A “WEALTH of experience” is worth £500 a day - over 36 days a year - to the new head of  Herefordshire Safeguarding Children Board (HSCB) who will be shared with two other counties.

Sally Halls, currently chair of the Shropshire Safeguarding Children’s Board and the Somerset Safeguarding Children Board has accepted the role of independent chair of the HSCB.

She takes over from Dave McCallum who has decided to step down from the role after three years.    

Today (Thurs) Herefordshire Council confirmed that Sally Halls would be shared with Shropshire and Somerset in heading up the respective safeguarding boards and bringing a “wealth of experience” to the role.

 The role of independent chair equates to 36 days a year at £500 a day – or £18,000 – that the council has budgeted for.

Recruitment papers reveal the cost of advertising the post in The Guardian for one week was £900 found through the safeguarding board budget.

Decisions on recruitment and appointment were made by the council at chief executive level.

It is a statutory requirement for the council and partner organisations to operate a safeguarding children board with an independent chair.

Meeting throughout the year, the board brings together representatives from various agencies and organisations to address child protection issues.

The new chair takes over just weeks after the government lifted the intervention notice served on Herefordshire Council’s child protection services, recognising improvements made to child protection practice in the county since the “inadequate”  finding by Ofsted in 2012.

Last year, Ofsted returned to record substantial progress being made.

The government took Ofsted’s report into account and Department for Education (DfE) officials carried out their own review in December ahead of lifting the intervention notice.

Related reports cite a “new found confidence” within the service given “added impetus” to the progress being made.

The council wants to see the service graded “good” by 2016/17 but, from the frontline up, it is accepted that there is still some way to go.

Improvements are said to be not yet fully embedded and the staffing situation remains relatively fragile, though its reliance on agency appointments is easing.

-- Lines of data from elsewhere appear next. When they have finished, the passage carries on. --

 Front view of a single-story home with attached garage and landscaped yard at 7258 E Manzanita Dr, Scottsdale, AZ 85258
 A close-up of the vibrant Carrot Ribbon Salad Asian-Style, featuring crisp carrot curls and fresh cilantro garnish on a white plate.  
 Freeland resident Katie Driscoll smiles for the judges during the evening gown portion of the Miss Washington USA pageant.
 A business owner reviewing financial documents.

As reported by the Hereford Times, permanent staff appointments are a priority with the council ready to pay “London rates” to recruit child safeguarding specialists.

The offer, signed off at cabinet level, is aimed at ending the long-running reliance child safeguarding has on interim appointments.

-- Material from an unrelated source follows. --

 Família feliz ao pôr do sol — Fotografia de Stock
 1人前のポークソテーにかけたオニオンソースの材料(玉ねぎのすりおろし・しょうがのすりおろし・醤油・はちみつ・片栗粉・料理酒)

Against heavy competition regionally and nationally for such specialists,  the council proposal pitches a base salary of up to £40,000 for a social worker and up to £50,000 for a team manager – comparable to salaries paid in London and the south-east.

This would be coupled with a £5,000 “golden hello” payment and up to £5,000 cover for re-location costs to make what is pitched as the most competitive safeguarding recruitment offer in the West Midlands.

Another £27,500 will be spent on related recruitment advertising, emphasising the progress made by the service since the “inadequate” Ofsted verdict of 2012 and the work-life balance the county can provide.

The approach  will be implemented through the council’s existing recruitment services contract with Hoople seen as able to offer a higher, more competitive basic salary, offset by a defined contribution pension scheme with an employer’s contribution rate of six per cent rather than the 24.6 per cent of the local government equivalent.

On the council’s figures,  the campaign makes a cash saving of £4,000 over 2015-16 and £50,000 in subsequent years.

The service is also engaged in  a “grow your own” scheme to attract and develop newly qualified social workers.

Eight recruited in 2013 are now ready to fill permanent roles that would have gone to an interim with another eight set to make the same difference next year.

Figures now available show 421 contacts were made with child safeguarding over December last year, a decrease of over 43 per cent from the peak of 747 in July and down 24 per cent on November.

Over the month, 10 children were put on to child protection plans, with another 29  on a protection plan for a second or subsequent time with primary factors being domestic abuse, drug misuse, and mental health issues within families.

There continues to be a month-on-month decrease in the number of children put onto protection plans.

But this drop in the number of children on plans is not reflected in figures  for timely child protection visits.

Over recent years, the number of children on specific protection plans in the county at any one time has hovered around 200.

Individual safeguarding caseloads are now said to be manageable and averaging at 16, but there is variance between – and within – teams.

As a result of improvement initiatives, the service has had a number of legacy cases to assess.

Neglect, specifically chronic neglect, makes up much of ongoing caseload work.